- Assignment -
Should a picture appear anywhere in the data, omit it and copy everything else exactly.

- Given information -
···

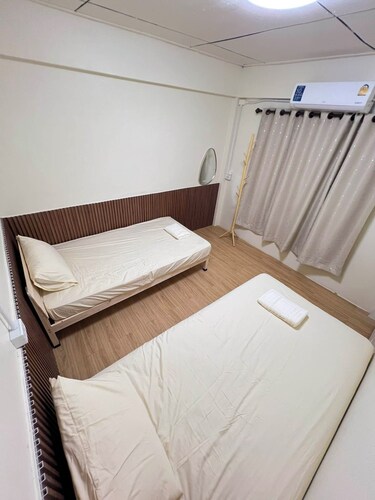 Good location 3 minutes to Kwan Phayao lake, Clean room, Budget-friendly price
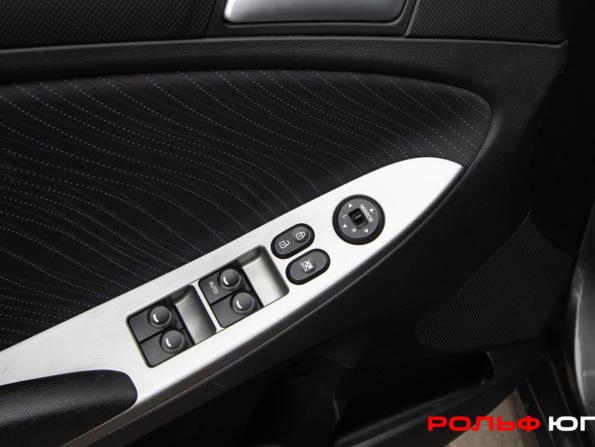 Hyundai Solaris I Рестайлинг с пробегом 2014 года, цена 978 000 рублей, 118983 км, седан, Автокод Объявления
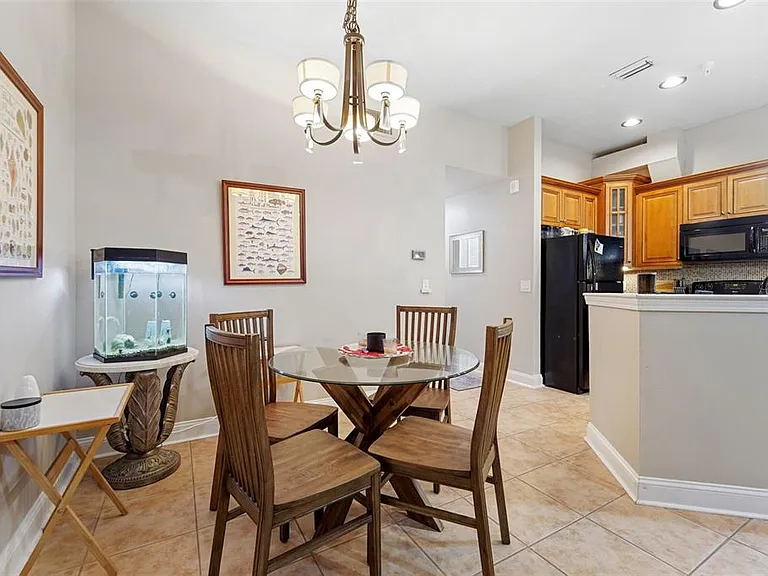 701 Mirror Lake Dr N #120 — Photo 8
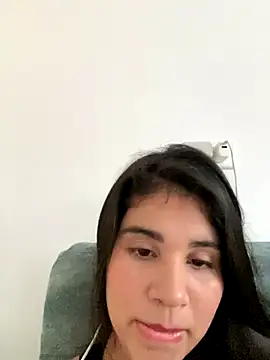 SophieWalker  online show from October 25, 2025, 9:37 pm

···

- Output below -
 Good location 3 minutes to Kwan Phayao lake, Clean room, Budget-friendly price
 Hyundai Solaris I Рестайлинг с пробегом 2014 года, цена 978 000 рублей, 118983 км, седан, Автокод Объявления
 701 Mirror Lake Dr N #120 — Photo 8
 SophieWalker  online show from October 25, 2025, 9:37 pm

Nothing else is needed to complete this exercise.